The Poverty Tour reaffirmed our respect for the dignity and humanity of every American—especially the unemployed and the underemployed. If Dr. King were alive today, he’d still unflinchingly use his prophetic voice to declare a deficiency of will to do what’s right by our fellow citizens. Just as he did in life, Dr. King would denounce the poverty of opportunity, poverty of affirmation, poverty of courage, poverty of compassion, and poverty of imagination in our modern times. In the spirit of Dr. King, we wish to enlist your help as we attempt to unsettle, unnerve, and unseat the powers that deny and downplay the rights of poor people in this nation and in the world. We’re not Dr. King—or even trying to be—but we do believe that the very future of this democracy is inextricably linked to how seriously we heed his call to care for and concern ourselves with the plight of the poor.
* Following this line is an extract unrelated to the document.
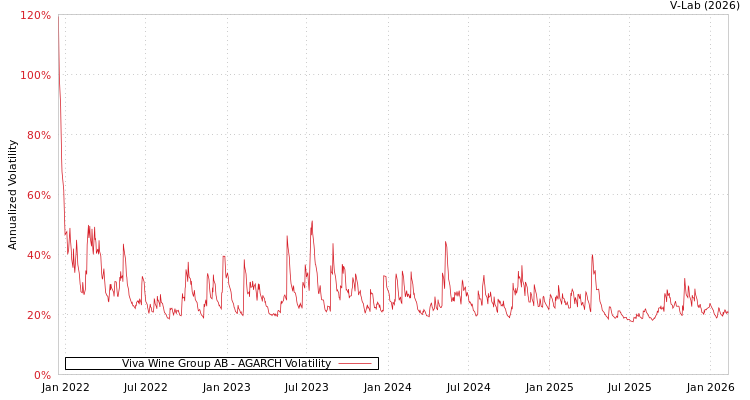 graph of Viva Wine Group AB AGARCH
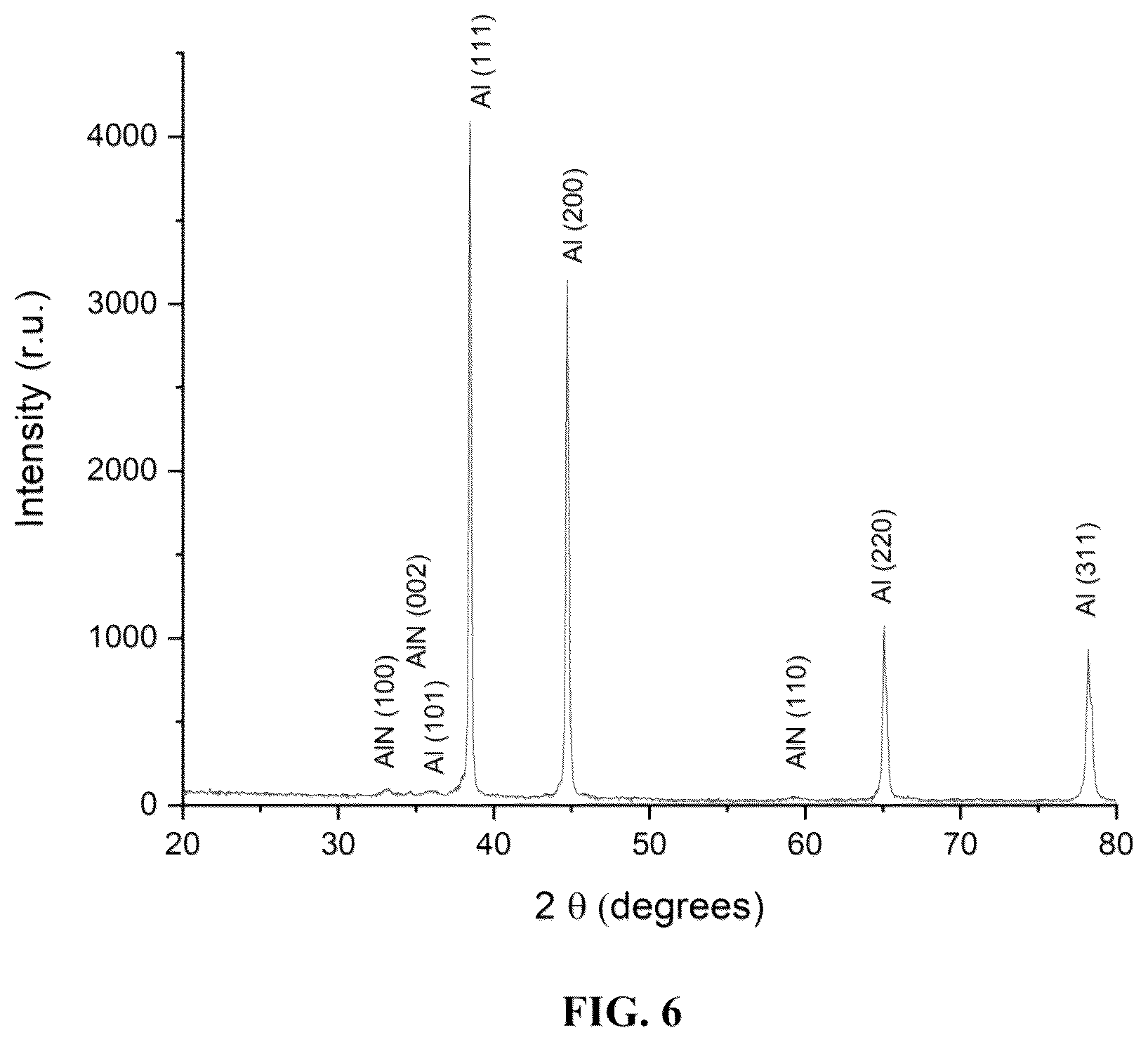 Patent US12583741 Figure 7 – Aluminum composite for hydrogen generation and methods of preparation thereof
With history and a host of preeminent and everyday voices offering honest testimony and compelling analysis, we make the case for radical social transformation. We try to demonstrate how the elimination of poverty is possible if and when we break from traditional paradigms and map a new course based on shared humanity and shared accountability.
This manifesto, backed by stubborn facts and damning statistics, will erase any doubt that we are just experiencing a crisis in our country; we are dangerously close to cementing a permanent American catastrophe.
We set out on a journey to raise America’s consciousness about poverty. Along the way, the fight-back of poor people emboldened us.
This poverty manifesto is our tribute to them.